Re: SparkContext SyntaxError: invalid syntax

Andrew Weiner Wed, 13 Jan 2016 15:52:02 -0800

Thanks for your continuing help.  Here is some additional info.

*OS/architecture*
output of *cat /proc/version*:
Linux version 2.6.18-400.1.1.el5 (mockbu...@x86-012.build.bos.redhat.com)
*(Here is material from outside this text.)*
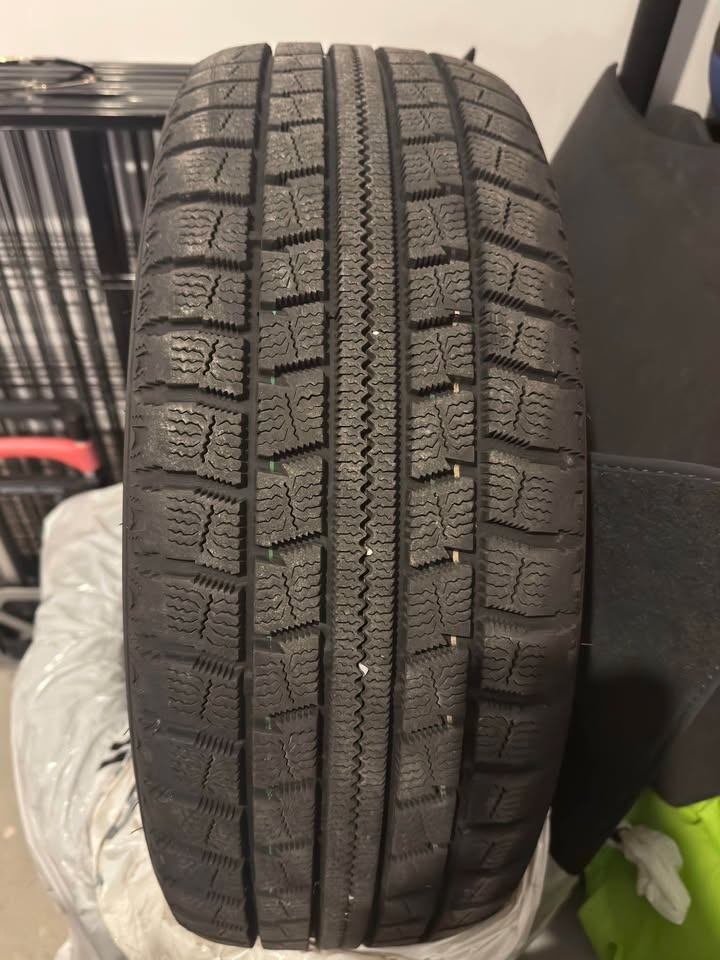 Snow tires 205/50R17 with rims (5X120 Bolt) - photo 3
output of *lsb_release -a*:
LSB Version:
 
:core-4.0-amd64:core-4.0-ia32:core-4.0-noarch:graphics-4.0-amd64:graphics-4.0-ia32:graphics-4.0-noarch:printing-4.0-amd64:printing-4.0-ia32:printing-4.0-noarch
Distributor ID: RedHatEnterpriseServer
Description:    Red Hat Enterprise Linux Server release 5.11 (Tikanga)
Release:        5.11
Codename:       Tikanga

*Running a local job*
I have confirmed that I can successfully run python jobs using
bin/spark-submit --master local[*]
Specifically, this is the command I am using:
*./bin/spark-submit --master local[8]
./examples/src/main/python/wordcount.py
file:/home/<username>/spark-1.6.0-bin-hadoop2.4/README.md*
And it works!

*Additional info*
I am also able to successfully run the Java SparkPi example using yarn in
cluster mode using this command:
* ./bin/spark-submit --class org.apache.spark.examples.SparkPi     --master
yarn     --deploy-mode cluster     --driver-memory 4g     --executor-memory
2g     --executor-cores 1     lib/spark-examples*.jar     10*
This Java job also runs successfully when I change --deploy-mode to
client.  The fact that I can run Java jobs in cluster mode makes me thing
that everything is installed correctly--is that a valid assumption?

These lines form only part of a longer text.